I agree that tanning shares similarities with weight.  Seems we'll do
anything to our bodies - no matter how unhealthy or dangerous - to look
good. Even if we know it can cause CANCER.  Yikes!
  
inkwell.vue.112 : Lori Gottlieb - Stick Figure: A Diary of My Former Self
permalink #98 of 286: Linda Castellani (castle) Sat 9 Jun 01 01:05
    

Lori, would you talk a little bit about ritualized behavior?  You mention
it in conjunction with eating and also in conjunction with tanning.  Are
there are areas that women especially behave in a ritualistic
fashion?  Are they related to appearance and weight?
  
inkwell.vue.112 : Lori Gottlieb - Stick Figure: A Diary of My Former Self
permalink #99 of 286: Molly Wright Steenson (explode) Sat 9 Jun 01 13:39
    
I wonder too if these ritualized behaviors have to do with power --
power over your own will, power over the way your body looks.
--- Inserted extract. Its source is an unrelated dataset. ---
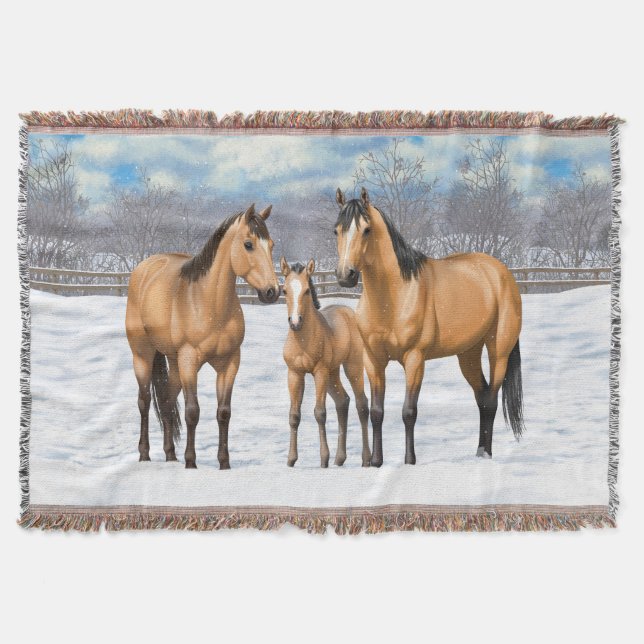 Buckskin Quarter Pferde im Schnee Decke (Vorderseite)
Or on the
flip side, powerlessness and obsession over how perfect everything
would be if we just lost 25 pounds. It would all be great. 

As for the way people talk about food and their bodies, I decided to
see what Weight Watchers would be like (like many people here, I think
I'd look better if I were, oh, 15 pounds lighter, like I was a couple
years ago). I hadn't been eating a healthy diet at all, and so I
figured that their regimen would be good for me -- better to eat
healthy than not at all, or just eat junk. 

During the half hour meeting, the 99% female group was chatting about
food as if it were velvet, or sex, or sumptous, or the most beautiful
antique in the world. "sorBEEEEEEEEET!" one woman sighed. Other people
talked about cheese. "Ohhhh, cheeeeese!"

It seemed like the food was almost fetishized. It made me crazy on my
own and obsessive about food in a way I'm usually not. But there was
something about that -- it was like the food was a deep, gorgeous, lust
object. And the people there couldn't have it, couldn't have what they
wanted. 
  
inkwell.vue.112 : Lori Gottlieb - Stick Figure: A Diary of My Former Self
permalink #100 of 286: Linda Castellani (castle) Sat 9 Jun 01 15:12
    

I used to work for Weight Watchers back in the late seventies, and I
sometimes think that my REAL problems with food started back then with all
the obsessions and food one-upmanship that had never occurred to me
before.  For example, somebody, usually a class leader or the person who
supervised the class leaders would start moaning about some binge they'd
gone on, and instead of sympathizing, someone else would say, "Hey, you
think THAT'S bad, you should have seen the binge *I* went on."  It was
almost a competition to see who could outdo who on the subject of
forbidden foods and quantity consumed.